[Records from a collection]
_____

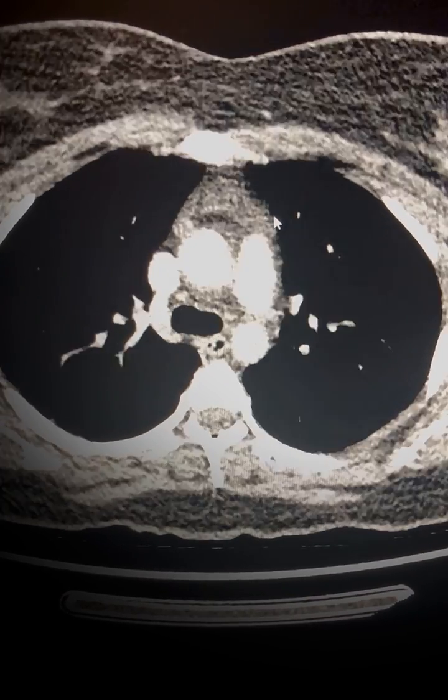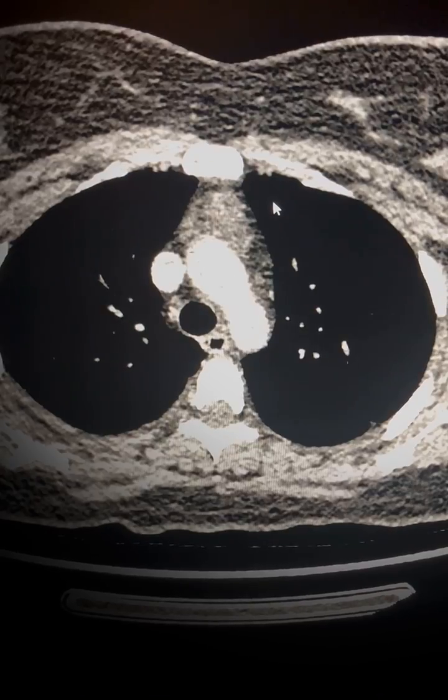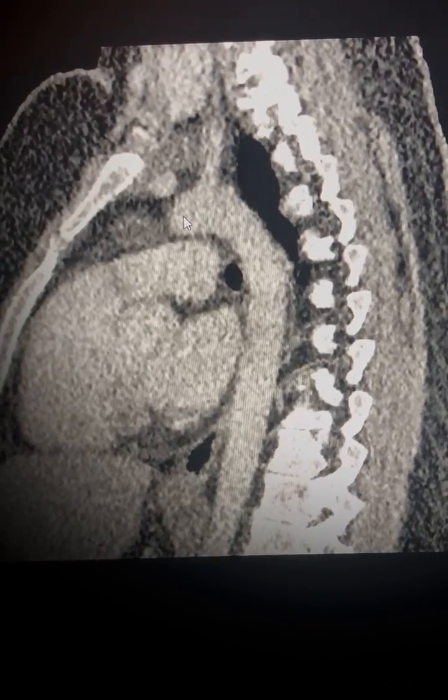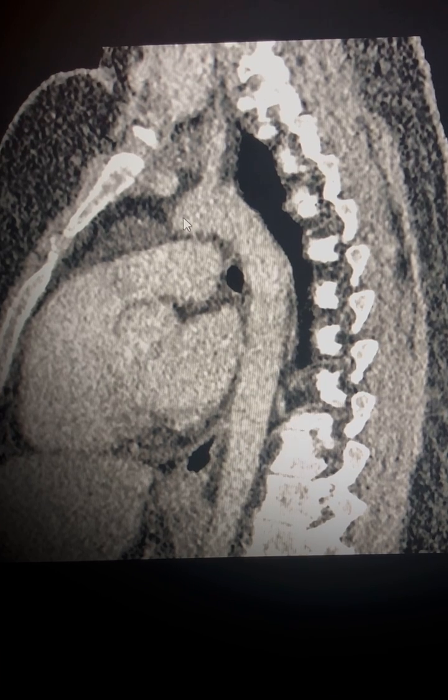To further highlight this, we can also show other planes of this area where you can see a rather triangular-like appearance without a distinct mass occupying the thymic region, again favouring thymic hyperplasia. Thank you.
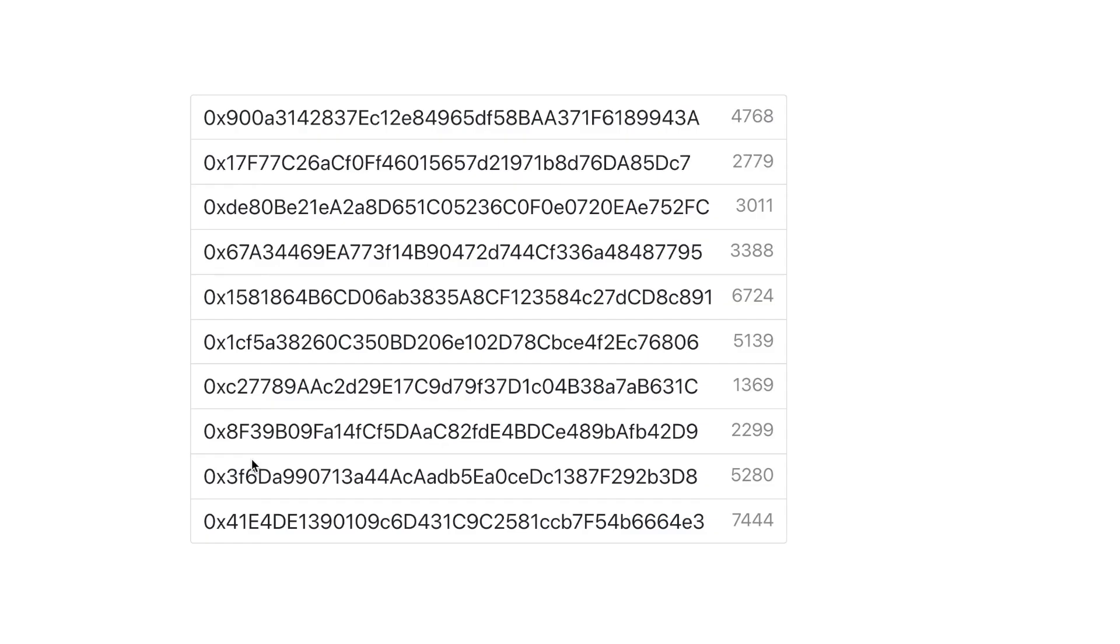And here we have it. Our Ether deposited by address pulled from the contract via Web3. If you found this video helpful, give it a like and subscribe.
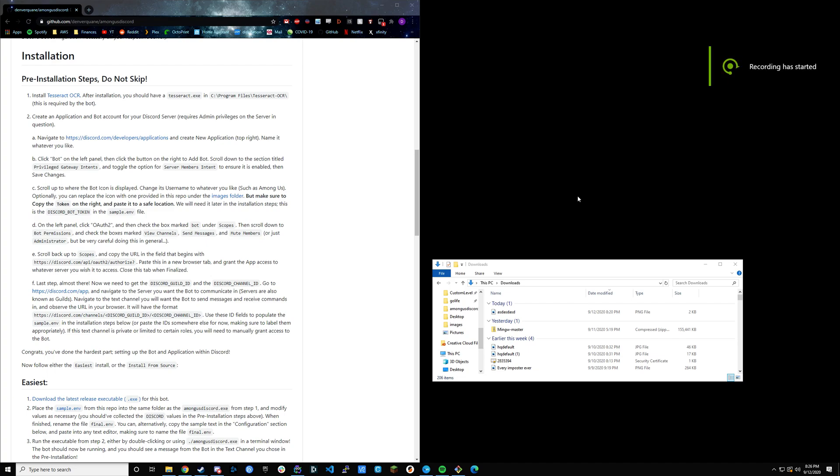Hey guys, so I just want to record a quick tutorial video because I was getting a lot of questions about how to install the Discord Among Us bot. I was just going to walk through that really quick.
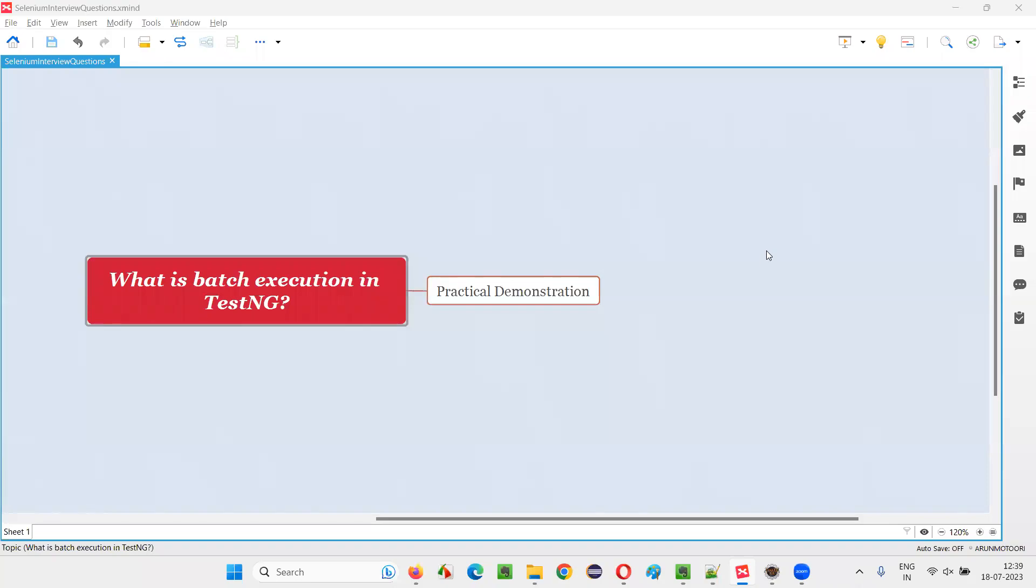Hello all, welcome to this session. In this session, I am going to answer one of the Selenium interview questions. That is, what is batch execution in TestNG?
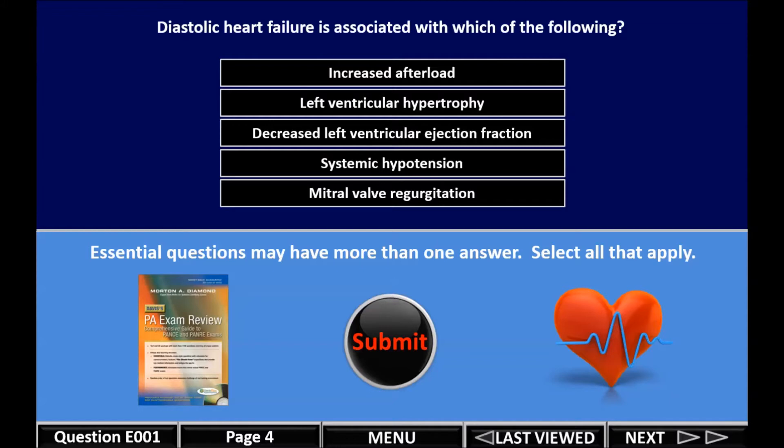You're probably familiar, but if you're not, the book has different types of questions. One is an essentials question, which we're going to go through first. This has more than one answer. The keys to the question and the explanations are not all in the same place in the book, but we've put it all in the same place.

_____

=== Directions ===
Repeat the records above verbatim, with no pictures in the result.

=== Result of the task ===
To further highlight this, we can also show other planes of this area where you can see a rather triangular-like appearance without a distinct mass occupying the thymic region, again favouring thymic hyperplasia. Thank you.
And here we have it. Our Ether deposited by address pulled from the contract via Web3. If you found this video helpful, give it a like and subscribe.
Hey guys, so I just want to record a quick tutorial video because I was getting a lot of questions about how to install the Discord Among Us bot. I was just going to walk through that really quick.
Hello all, welcome to this session. In this session, I am going to answer one of the Selenium interview questions. That is, what is batch execution in TestNG?
You're probably familiar, but if you're not, the book has different types of questions. One is an essentials question, which we're going to go through first. This has more than one answer. The keys to the question and the explanations are not all in the same place in the book, but we've put it all in the same place.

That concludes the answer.